甘い毒/Sweet Poison  (ねこ3匹)

イメージ 1

ルーパート・ペニー著。国書刊行会。世界探偵小説全集19。

全寮制のアンスティ・コート校では最近、校長の甥を狙った事件が続発していた。さらに青酸とチョコレートの紛失事件が発生、危険を感じた校長はヤードに調査を依頼した。紛失した毒物が発見されて、事件はひとまず決着したかに見えたが、一月後、ついに毒入りチョコレート事件が……。作者はすべての手がかりを提示し、完全なフェアプレイによって読者に挑戦する。わずか8冊の傑作を遺して消息を絶った謎のミステリ作家ペニーの幻の名作。(あらすじ引用)


おっと、期待しすぎたか。
「世界探偵小説全集」読破するぞー!宣言をしたわたくし、いざ有言実行ということで気になっていたルーパート・ペニーを読んでみました。目次だけを見ても、「第一章 殺されなかった少年」「第二章 殺された少年」というようにシンプルだけどインパクトがあります。さらに、読者への挑戦状が挿入されているということでワクワク度もアップ。
基本的に好みのタイプの小説ではありました。英国人らしい教師達や生徒、刑事。想像かきたてる風景、派手さはないけど知的さにこだわった本格探偵小説です。

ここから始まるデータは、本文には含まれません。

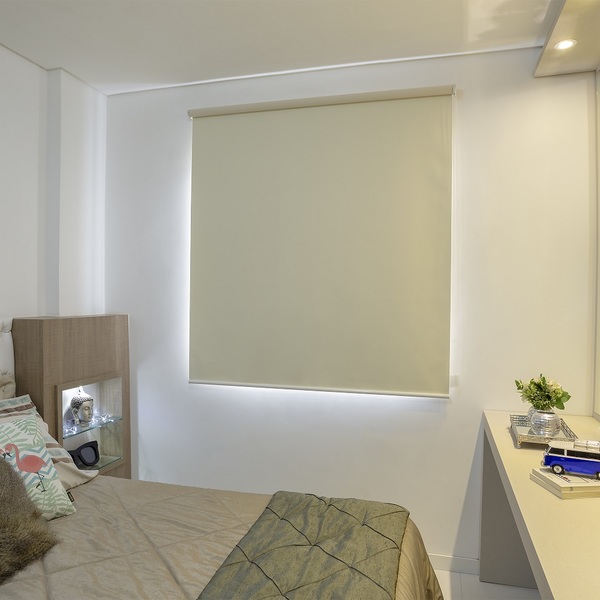 Persiana Rolo (1,20Larg. x 1,80Alt.) Tecido Blackout Creme -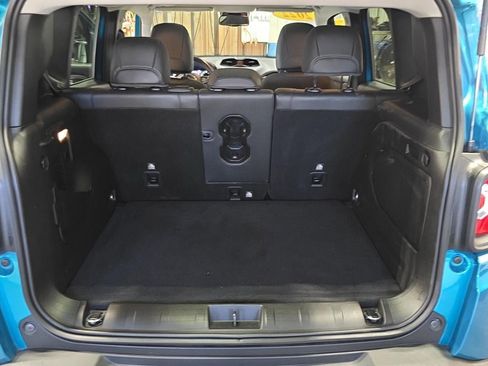 Used 2022 Jeep Renegade Trailhawk w/ Sun/Sound Group image 17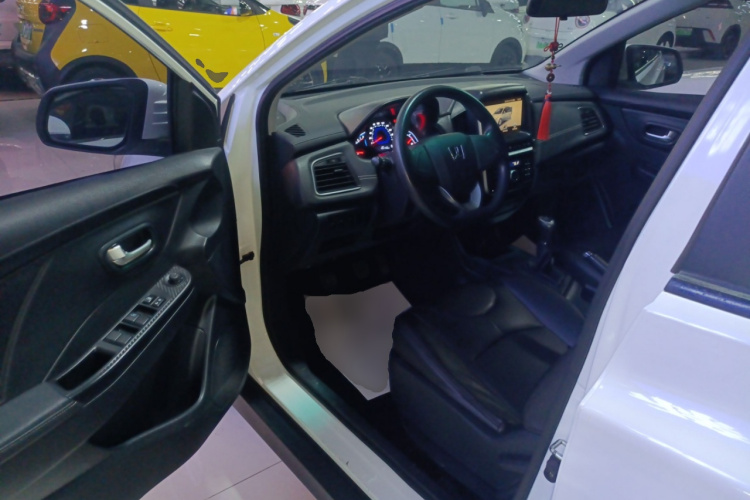 纳智捷 锐3 2016款 1.6L 手动智享型中控内饰20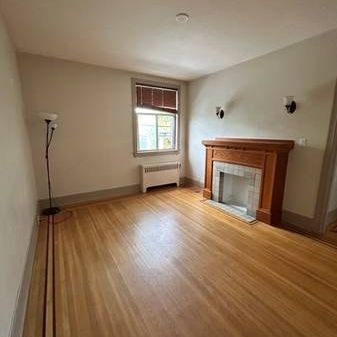 close to UBC 2 bedroom in Kerrisdale for rent - Photo 3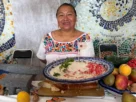 Cocinera de Calpan presenta chile en nogada.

が、結果としてここで挙げるならば長所より短所の方が多かったな。
本作で最重要な人物と思われる被害者と予測される少年・エドウィン自身があまり表に出て来なかった事。周囲の評価だけでもかなりの悪ガキのようで、エピソードも沢山出て来ます。彼の人柄を知るのに不足はないほどでしたが、もっと彼自身の言葉や動く様子などが欲しかった。
動機については予想の範囲内でしたが、あの人物を犯人とするならやはり違和感が残る。こんな手の込んだ殺人を実行するほどのきっかけや切羽詰まった事情があったとは思えない。この動機を生かしたまま、もうワンプロット必要だったのでは。人間関係を紐解いてもそこは同じだと思う。
探偵役が、ビールなのかトニーなのかいまいちわからない。ミステリーの常道を考えればトニーだと断定出来そうなのだけど、ビールなのよね?ていうか、ワトスン役が後から登場してどうするの?^^;


えーと、別に気に入らなかったわけではありません。しかし、「傑作」ではないと思います。他に7作クイーン国名シリーズの影響を受けたとされる作品がずらずらと存在するようです。。。って、邦訳出てるのコレだけですか。。。だったら解説で全ての著作を長々と紹介されても^^;それとも、今後続々と出してくれると期待してもいいのでしょうか。